Она с испугом остановилась, пятнисто и ало краснея, что бывало при виде грубости или намека на грубость, замотала шляпкой смущенно.
— Бог с вами, Вадим Николаевич, какие сейчас деньги, послушайте… Не надо, не надо, ради бога. Когда будут, тогда и отдадите. Я потерплю, потерплю, мне сейчас не надо.
— Мария Павловна! — взмолился он. — Я прошу вас!
— Не надо мне, не надо, — запротестовала она и при этом руку протестующе завела за спину. — Идемте же, Вадим Николаевич. Сейчас вам надо холодный компресс на лицо, а то как же вы?.. И, пожалуйста, неудобство свое забудьте. У меня ведь сын был. Я многое понимаю…

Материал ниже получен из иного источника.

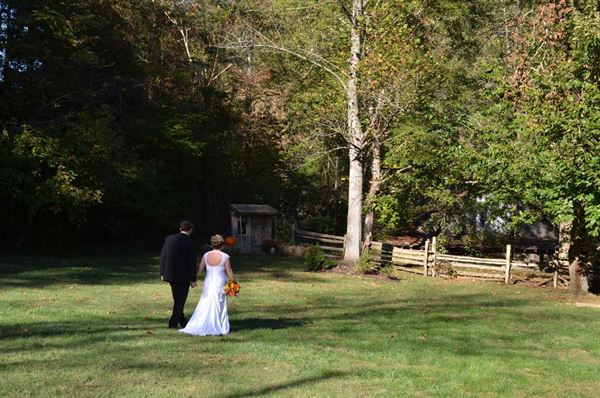 Gatlinburg's Little Log Wedding Chapel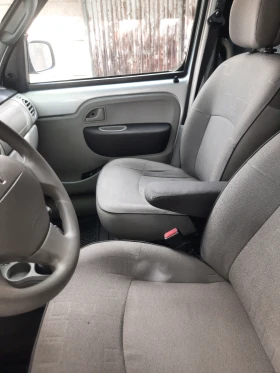 Renault Kangoo 1.2 16v 75hp Клима Face Теглич Уникат, снимка 9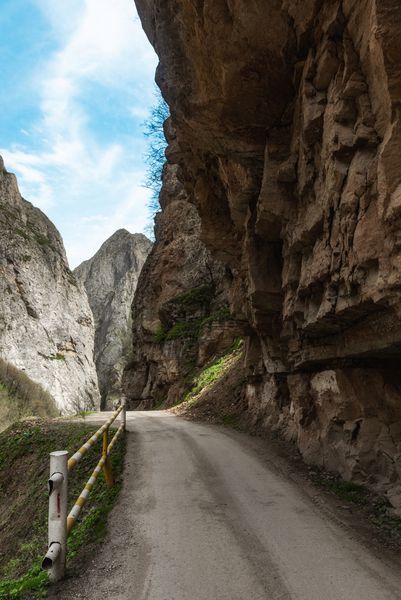 جاده خطرناک در کوهستان در حال سقوط صخره ها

Он шел рядом с ней, чуточку придерживая под локоть, как мог бы держать только мать, которой не было в живых, и всю дорогу бормотал ненужные извинения, боясь споткнуться и помешать движению ее легкого, сухонького тела.
Много лет спустя, будучи зрелым человеком, восстанавливая в памяти тот день и ту ночь, он испытывал странное, пугающее его чувство: упоение добром, щедростью и любовью было равно одержимому упоению ненавистью.